For example Mr James said it was a deal breaker that he couldn't pass through a drive direct. With my setup I was seeing something like 400 Megabytes/sec from my RAID so I would have found the bottleneck to be my gig LAN rather than disk access. However once I tried both, the fact the ESXi let me overallocate RAM/CPU by at least a factor of two meant I could never consider HyperV again.
I like the board btw. The only snag I can think is with 4 (?) RAID SATA interfaces, I doubt you could pool them together to make bigger RAIDs, I'm guessing you would have separate RAID's for each controller (if the controller supports RAID).
I wouldn't say it was easier, Windows Hyper-V server is free because it's a 'core' version of Windows so you only get a command line interface... Plus it only runs Hyper-V (and a couple of other features like iSCSI and failover clustering but I guess you won't need those) so there's not a massive amount you can do with it (there's no .net support for example).
Saying that, because it is so stripped down, there's not much to do in terms of configuring it. And once it's sorted there's not much need to reboot it, I installed windows updates for the first time in 4 months the other day. It found two it needed to install so there's not much babysitting to do.
The reason I think Hyper-V will be more suitable is that when I had a play with VMWare (only for a very short evening), there was no way of attaching the physical disks to the virtual machines. This meant VMware had to format the disks to a file system of it's liking (not NTFS) so if you're running a Windows installation at the minute, there's going to be a lot of moving stuff around to empty drives before importing them into VMWare and formatting them.

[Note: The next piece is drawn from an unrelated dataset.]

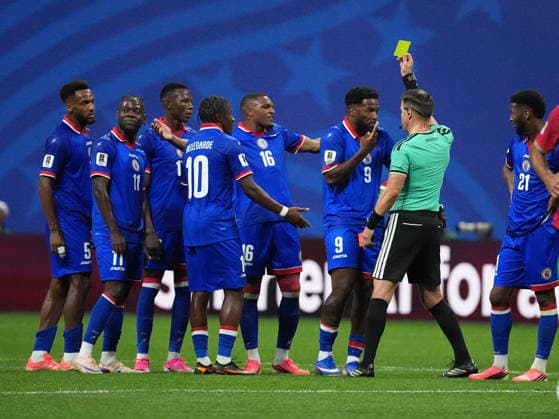 (260625) -- ATLANTA, June 25, 2026 -- Players of Haiti remonstrate with referee Danny Makkelie during the group C match between Morocco and Haiti at the 2026 FIFA World Cup, WM, Weltmeisterschaft, Fussball at Atlanta Stadium in Atlanta, the United States, June 24, 2026. ) (SP)U.S.-ATLANTA-FOOTBALL-FIFA WORLD CUP-GROUP C-MAR VS HTI JuxHuanzong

VMWare will then let you create a virtual hard disk file on the new disk you have imported. This again set alarm bells ringing for me, what if this file gets damaged? You have the potential to lose virtually everything inside it. Failing that, what sort of recovery tools are available for extracting files out of the virtual hard disk file if you can't copy the entire thing? It's a question I never bothered searching for the answer to. I know that I can just remove a corrupted disk from one of my VMs, place it in another PC and run gparted or other recovery tools to get it working or recover individual files.
Another reason I think you'd be better off with Hyper-V is because you mentioned that you want this to conserve power. With VMWare, because the disks are connected to the host, the virtual machine has no control over the power functions, and from what I've read, VMWare won't spin the disks down itself either. If you have 20 disks attached in your server, all 20 will be spinning all of the time. That's gonna be a lot of electric.
Reading about unRAID, it likes to power down drives when they're in use to conserve electric. I remember you saying you were keen for this server to conserve power so I'm guessing that this is a killer feature for you... and if it is, then it will rule out VMWare.
With regards to the cases... Wow those are massive lol... That main board you've got is gonna get lost in there. These are proper rack mount servers but I got the impression this was a home NAS box? Where you gonna stick the thing? In the shed? lol
I wouldn't get anything like that for a home server to be honest. Way, way over the sort of spec I need. If I had to get it for work, I'd get the £299 red one, mainly for the reason that it would match my Lefthand P4300s lol http://www.senetic.co.uk/i/norm/low/4146908-HP.jpg
Another reason (and a better one) is that it supports mini-sas. It has 6 sockets (each connecting 4 drives) and you can get a 4x SATA to 1 mini-SAS conversion cable for cheap.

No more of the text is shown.